The black book also lists politicians like Mirko Coratti (Democratic party member and president of the Assembly, who police say wanted €150,000 (US$ 184,000) in exchange for a € 3 million (US$ 3.7 million) payment from the Municipality to Buzzi’s empire. He is under investigation.
But Buzzi also gave money to Alemanno’s challenger, donating € 30,000 (US$ 36,858) to the electoral campaign of Ignazio Marino, who defeated Alemanno in the 2013 election. Marino has not been charged and is not under investigation.
The cooperative’s reach was impressive. Marino, an outsider in his own party (Democratic Party), reports weeks of personal attacks for trivial reasons, like being fined for parking his car (a Fiat Panda) in the city center. He says now that those attacks came because he was trying to break the Buzzi system. The police think that he might be personally in danger and have assigned a security detail to protect him.
Meanwhile, investigators say the Lazio Region, which surrounds Rome, was also targeted by the Mafia Capitale. The president of the Region, Nicola Zingaretti, decided to suspend all recent tenders pending an internal investigation into whether companies or cooperatives linked to the Mafia Capitale are working within the Region’s public services.

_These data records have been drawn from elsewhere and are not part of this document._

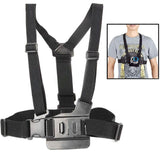 Adjustable Elastic Chest Strap For Gopro Hero12-1915197716980436992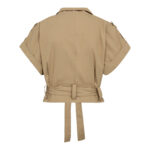 KeshaCC Cargo Vest - Sand - Afbeelding 2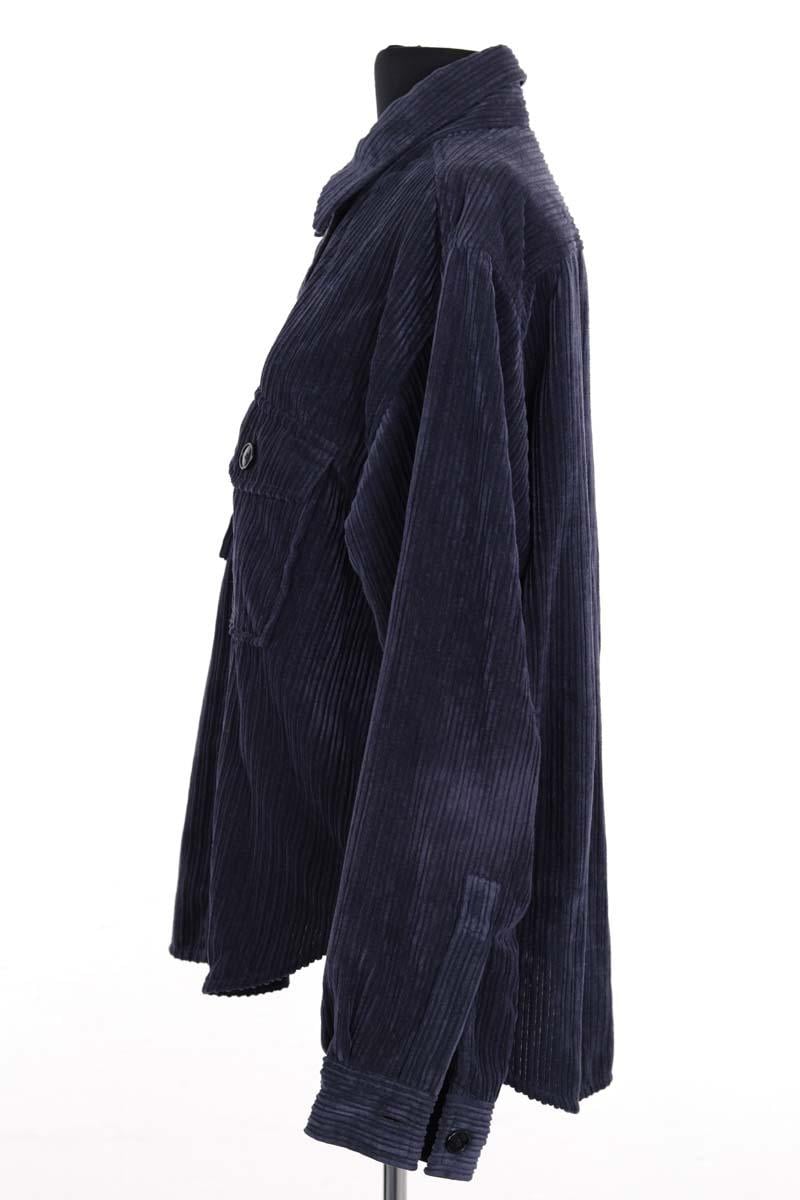 Overshirt ISABEL MARANT - Seconde Main Blue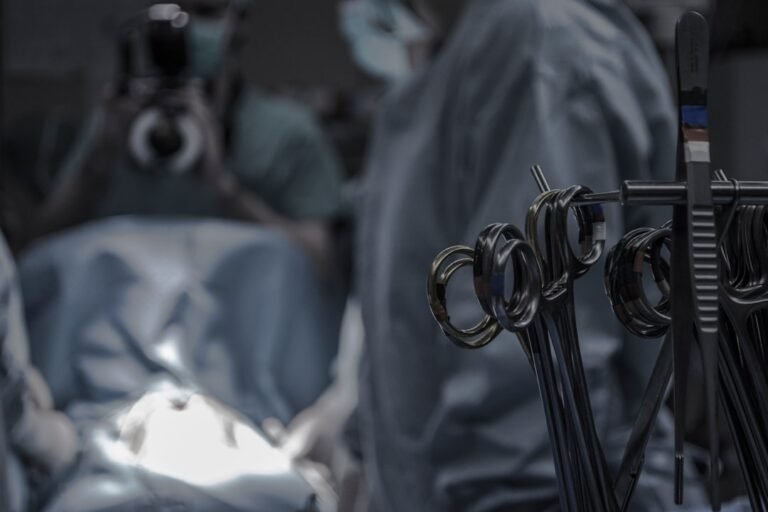 Canadian Surgical AI Startup Triumphs at VivaTech Pitch Contest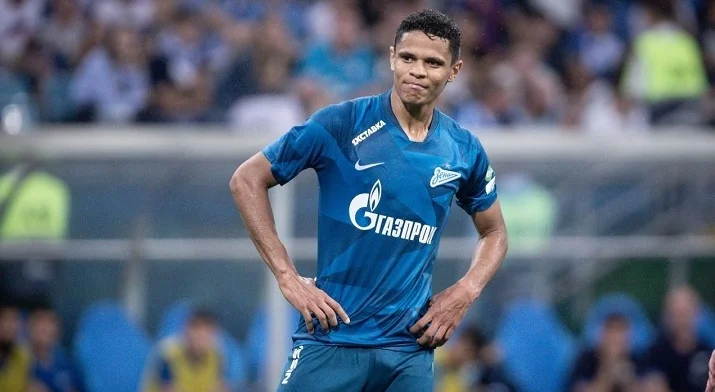 Сантос о жизни в Петербурге: «Повезло с клубом и городом, которые окружили нас заботой, обняли с первого дня в «Зените»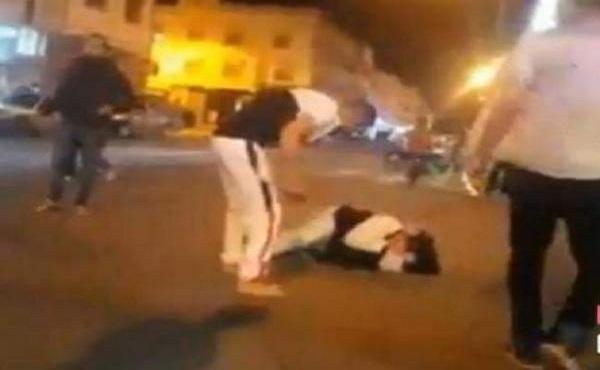 آخر مستجدات قضية اعتداء زوج على زوجته بالشارع العام في الدشيرة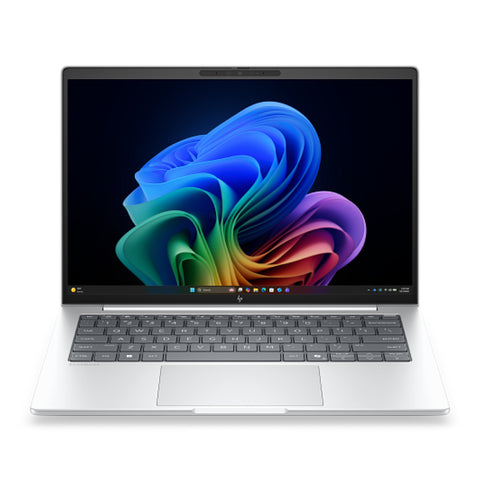 Laptop HP EliteBook 8 AIG2i 14 Intel Core Ultra 7 355 32GB RAM 1TB SSD para empresas · fastco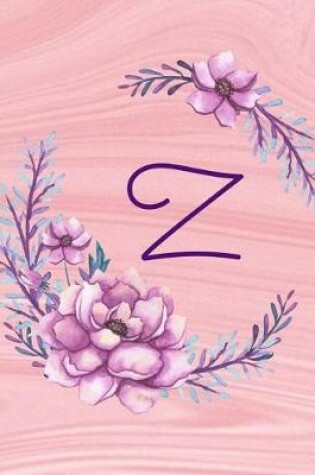 Cover of Z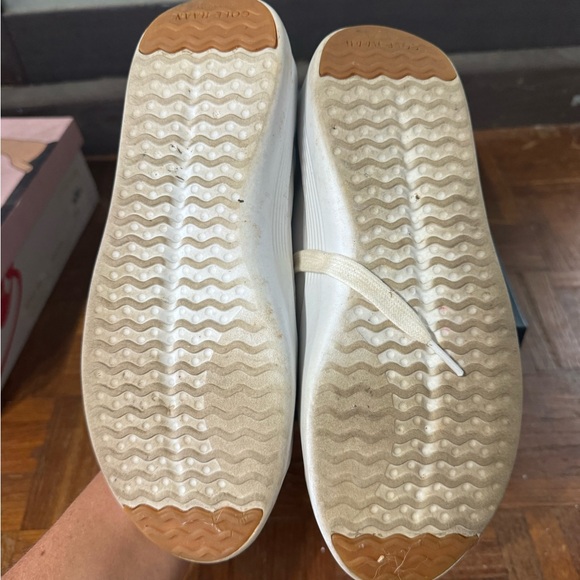 Cole Haan Grand Crosscourt Sneaker - Picture 2 of 3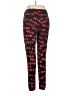 Chances R Hearts Red Active Pants Size 1X - photo 2
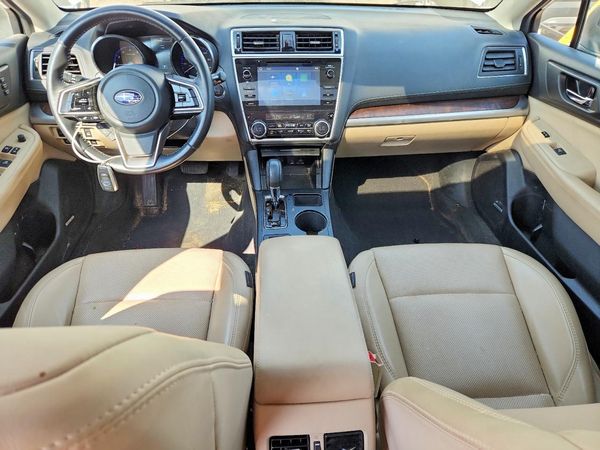 2019 SUBARU OUTBACK Limited+M/R+ES+NAVI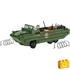 Kép 8/8 - COBI-3110 – DUKW Amphibia – amerikai kétéltű szállítójármű – 100% kompatibilis minden más kedvelt márkával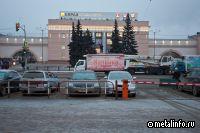 На ЕВРАЗ НТМК планируют завершить модернизацию водоснабжения к 2035 г.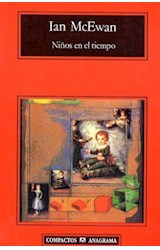 Papel NIÑOS EN EL TIEMPO (COLECCION COMPACTOS 207)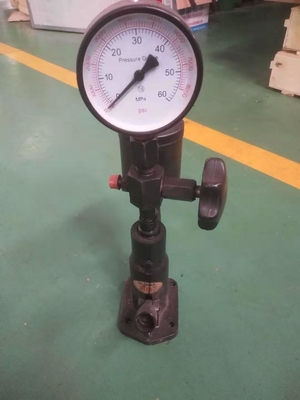 Stable Common Rail Injector Nozzle Tester PJ40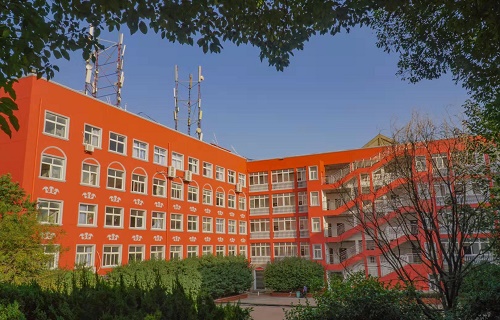  江西航空职业技术学院五年制大专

‘From the South’ Talks about the Mafia
Da sud, or “From the South,” is an association that was born in Calabria and a few years ago moved to Rome to promote a ”social anti-mafia” movement of grass-roots citizens ready to fight the Mafia.
“We started connecting episodes and names. We made our investigations and we discovered that the system was very much the same. Whole parts of the city are in the hands of clans; they provide services, they give jobs, they help a family if someone goes to jail, they provide protection from little crimes. If you pay them you can be much more secure than with the police.
“In some neighborhoods (Tor Bella Monaca, La Romanina, San Basilio, Ostia –all poor suburbs of Rome), the only economy that exists is drug trafficking, and you have the ‘vedette’ (the look out), the families that hold the drugs. It is the the same social economy as in Scampia (Naples),” an area controlled by the Camorra.
Chirico said people in Rome did not want to believe they had a problem.
“It was very difficult (to convince) citizens from Rome, and also from the rest of Italy (outside) the South. They have a strong resistance against the idea that they live in a territory where the anti-state is strong just as in Sicily or in Calabria. Little by little they could accept that in Rome there is a money laundering for illegal Mafia earnings, but still there is a strong denial.
“The signals were all there: homicides, investigations, seizures. Everything showed that the different Mafia groups were getting organized in Rome. The first sentence for Mafia (activities) in Rome was given last June. This is a first step to overcome this cultural resistance, but we will see if it will be kept (up)”.
Chirico said he was worried when he heard about the concept of Middle World.
“I felt a strong concern and anxiety. I wasn’t much surprised, since many names that are in the investigation were known to us, but learning that there is this pervasive infiltration of organized crime in the social sector is scary. It’s like organized crime in Rome not only provides informal social services, but it’s also working in the official welfare system.
“The second thing I thought is that this is not the end,” Chirco said, noting that only parts of the organization have been revealed. “We still aren’t talking about drugs,” he said. “Because despite what we heard in the taped conversation, the main business in Rome is still drug trafficking.”